Harriet Tubman’s face was scheduled to be on the $20 bill next year but the Trump administration put an end to that. In May it was announced the redesign would be delayed until 2026 due to counterfeiting and… (ahem)…security features.
This means the soonest an image of a Black female can grace our currency for the first time will be when Trump is out of office, that is if he were to win a second term and survive his pending impeachment.
It also means the soonest any of us will be able to proudly pull a wad of Tubmans from our wallets instead of our current stack of twenties bearing the likeness of Andrew Jackson, a slave owning, Southern cotton plantation master who forcibly removed two major native American tribes from their homelands in the early 1800s, will also have to wait. (Note: FYI, Andrew Jackson is Trump’s favorite American president, so much so that a portrait of the former POTUS now hangs in his Oval Office).
Still, what didn’t wait and what even Trump couldn’t stop was this weekend’s release of Focus Features’ Harriet, a long overdue major studio biopic about one of the most legendary and unexplored historical figures in American history.
One can easily picture Trump reveling in the flat image of Jackson on his wall as he figures out more ways to pit various regions of the country against each other in a new 21st century Civil War.
But after watching the superbly made screen version of Harriet Tubman emerge as a sort of mainstream cinematic superhero for everything that is just and right about the world, past and present, it’s clear Trump and his favorite predecessor better take cover. A cultural shift of the tides is beginning and it’s being led once again by a petite, very dark-skinned young woman who has no difficulty in speaking truth to White Power, past or present.
It is no accident that the image of Harriet Tubman one walks away from after Harriet is one of our nation’s first female superheroes, a woman who has been historically documented to have helped many hundreds of slaves escape the South, often by using her own amazingly unerring and mystical sense of direction and focus.
Tubman herself claimed that God spoke to her and helped guide her and the many people she saved to freedom. This is literally represented in the film through images of both past trauma and future dangers right around the bend each time certain death rears its ugly head. These are also shown in other moments in the film as nothing more than possible delusions from minor brain damage she received after a slave master broke her skull when she was 13 years old and she lied comatose for several months.

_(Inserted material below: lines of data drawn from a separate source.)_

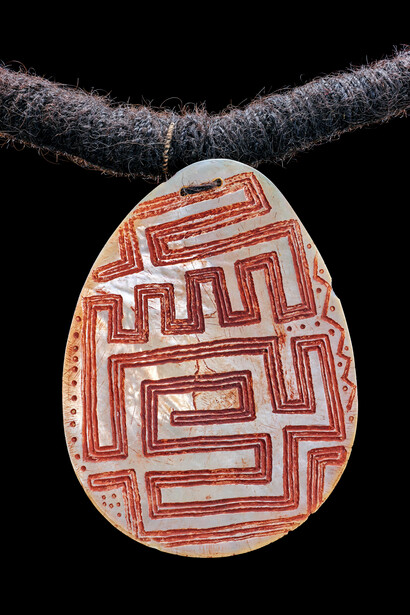 Nacre gravée riji, Australie-Occidentale, Kimberley, baie Beagle, péninsule de Dampier 
Nyulnyul. Fin du 19e siècle, premier quart du 20e siècle, Nacre, cheveux, fibres végétales, ocre, L 64 cm l 13,2 cm, Acquis d’Emile Clement en 1928. Photo: © MEG, J. Watts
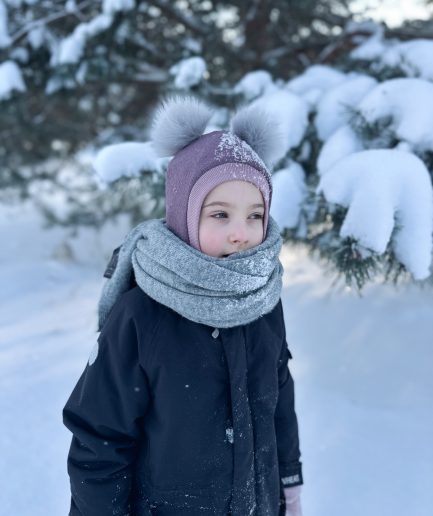 Gesintos violetinės spalvos vilnos šalmukas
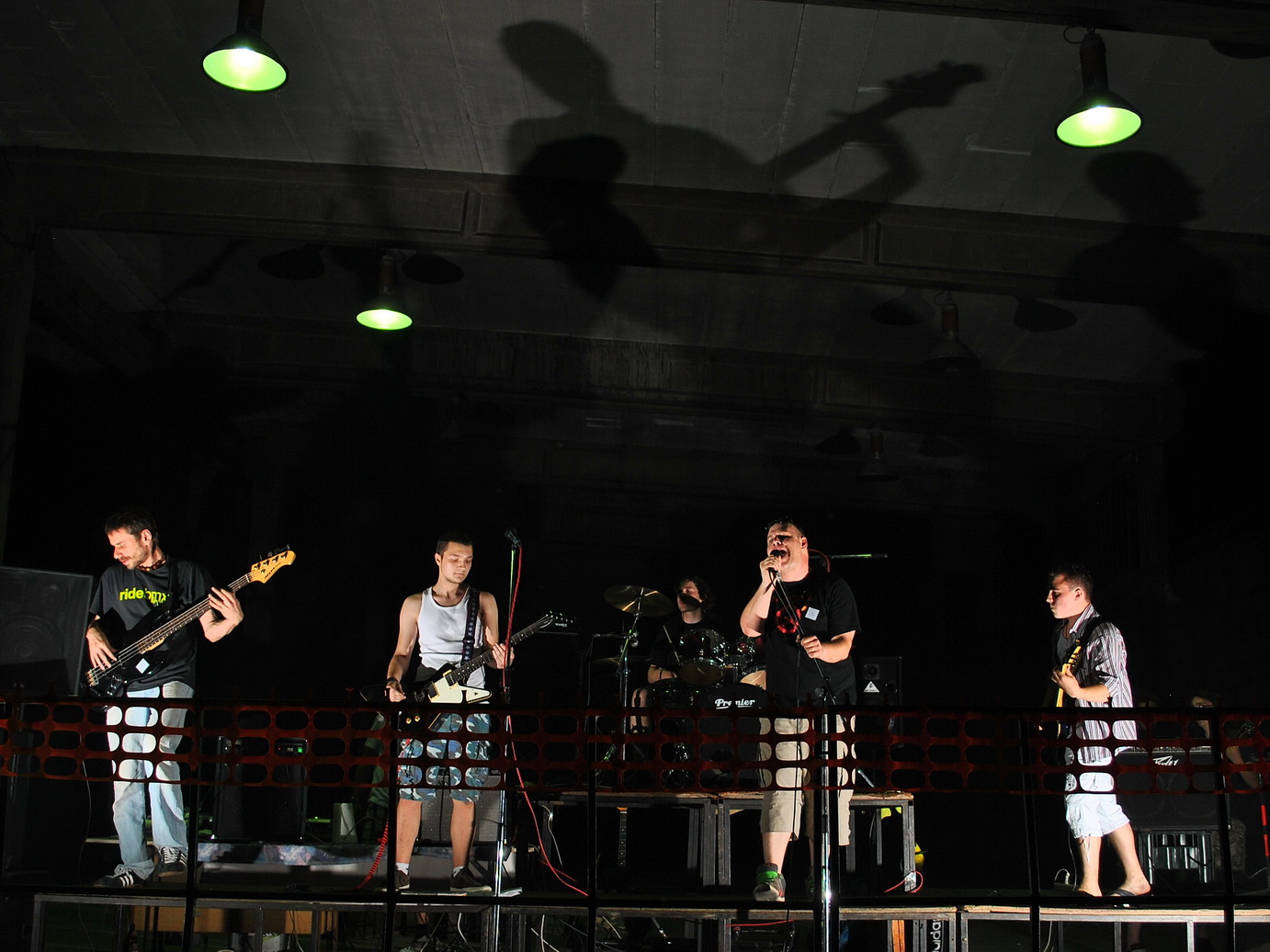 Koncert u fabrici "Kristal" - promotivni period kompilacije "Mladi protiv fašizma"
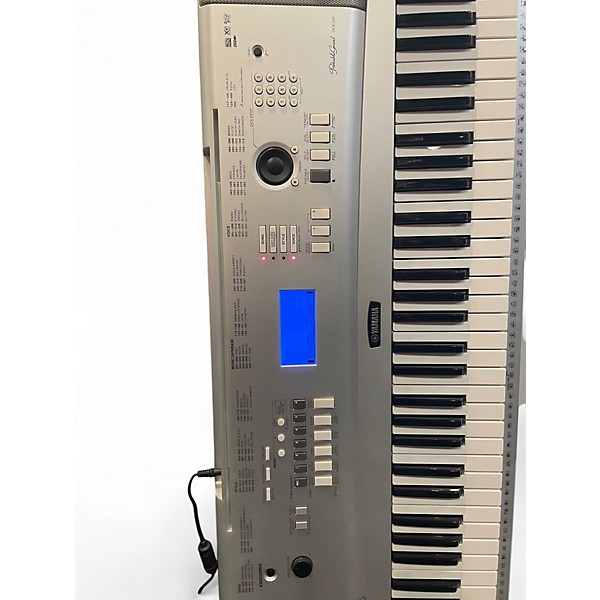 Used Yamaha DGX220 Portable Keyboard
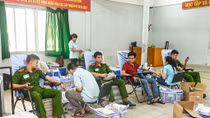 Hơn 200 giáo viên, sinh viên Cảnh sát hiến máu cứu người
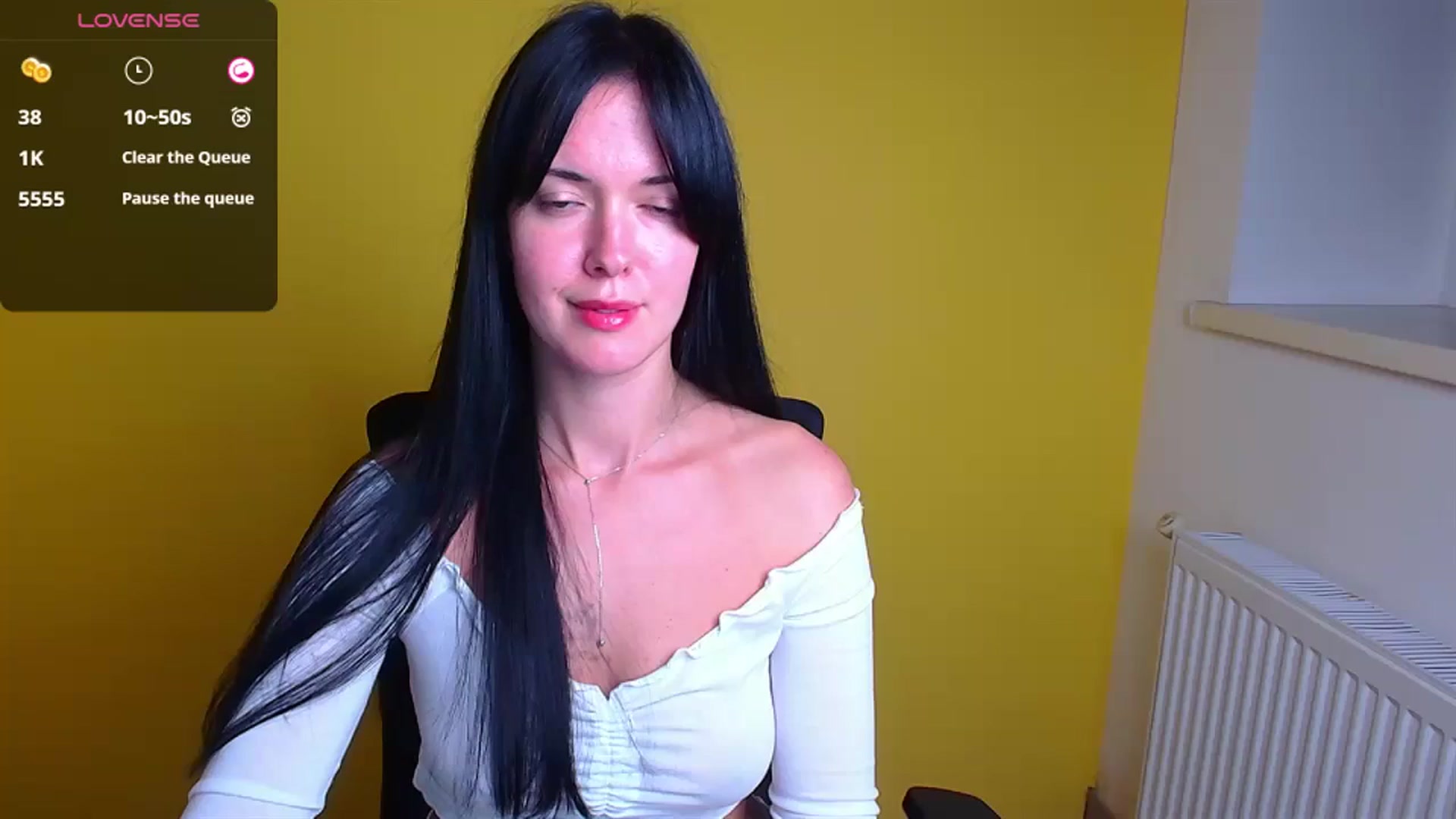 Gallery image thumbnail from Black_Red's myfreecams stream on, 10/04/2024, 13:45 image 2 of 20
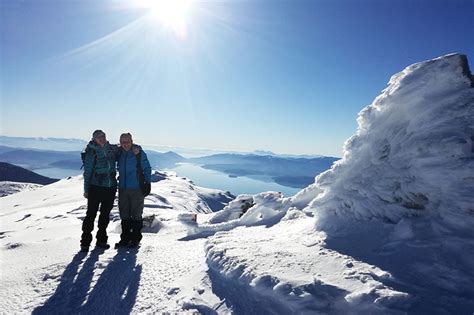 Hiking to the Pelister peak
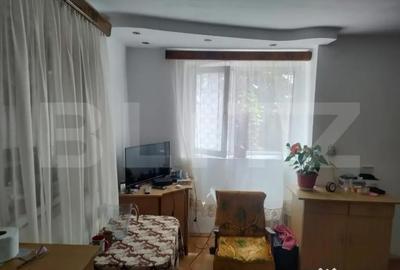Casă cu 4 camere cu Teren 2190 Mp în Siret - 3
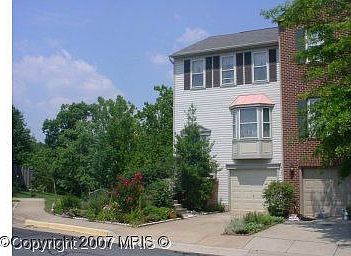 1st image of 10221 Jamaica Ln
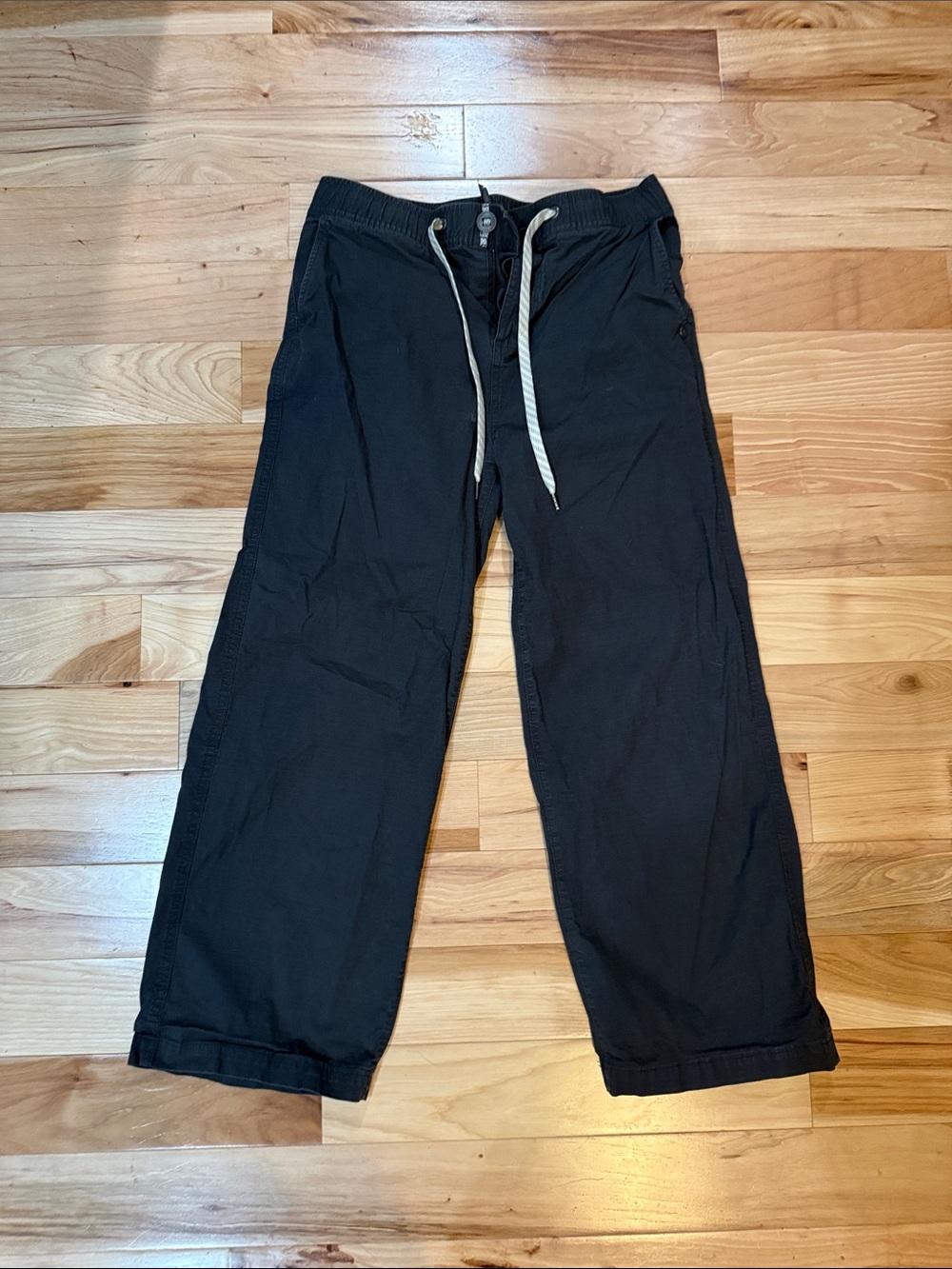 Vuori Ripstop Wide-Leg Drawstring Pants in Charcoal Gray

At a recent screening at the Writer’s Guild Theatre in Beverly Hills, Harriet’s director and co-writer Kasi Lemmons addressed a question about Tubman’s real-life and cinematic feats by noting that at the very least she had prefect instincts. But her co-writer Gregory Allen Howard (Remember the Titans), who wrote the first draft of the script 25 years ago, decided early on to approach Tubman’s story not so much literally but as an action film…with a superhero.
Since Howard’s first draft screenplay, a plethora of historical records, including photographs and diaries, have been unearthed and several Tubman biographies have been written. These all verify Harriet’s seemingly superhuman abilities as an expert guide leading scores of slaves to freedom through the Underground Railroad as well as what she claimed to be a very specific and deep personal communication with God himself.
Of course, like any great leaders in a particular field of endeavor, especially in the past, it is difficult to know exactly how they do it and why they are able to be so exceptionally successful when the odds, and reality, were and are so severely stacked against them.
Some of us even look at Trump and wonder that very same thing, even as his Wizard of Oz-ish curtain is currently being pulled back for all of us Dorothys to see in real time, if we choose to.
But at the end of the day what’s important are results, be it a Trump, a Harriet Tubman or any particular major studio film beckoning for box-office receipts or at least a blaze of glory as its launched into the zeitgeist.
We know what Tubman achieved and what Trump did. Right now, and after just a few days, Harriet has so far managed to land the number two spot at the box-office nationally this weekend — no small achievement for a historical biopic. Yes, that’s no small feat but one suspects, like it’s namesake, its more impressive achievement will be a slow burn into the cultural conversation of who we are and where we are as a nation.
This might start with Cynthia Erivo’s riveting film debut and sure bet lead actress Oscar nomination for her lead performance, move towards the clear parallel of Civil War era 1% attitude to those carrying the torch for Trumpism today and then wander off into why the heck it took a century and a half of cinema for Hollywood to finally tell the real life Hollywood story of Harriet Tubman.
Of course, we all know why it took so long for Harriet to reach the big screen. As cowriter Howard so aptly put it, you needed Black Panther to blow the doors wide open.
Let’s just hope it doesn’t take as long for the superpowers exhibited by Ms. Tubman in Harriet to blow the doors of the Oval Office open and escort the likes of POTUS’ Trump and Jackson out for good.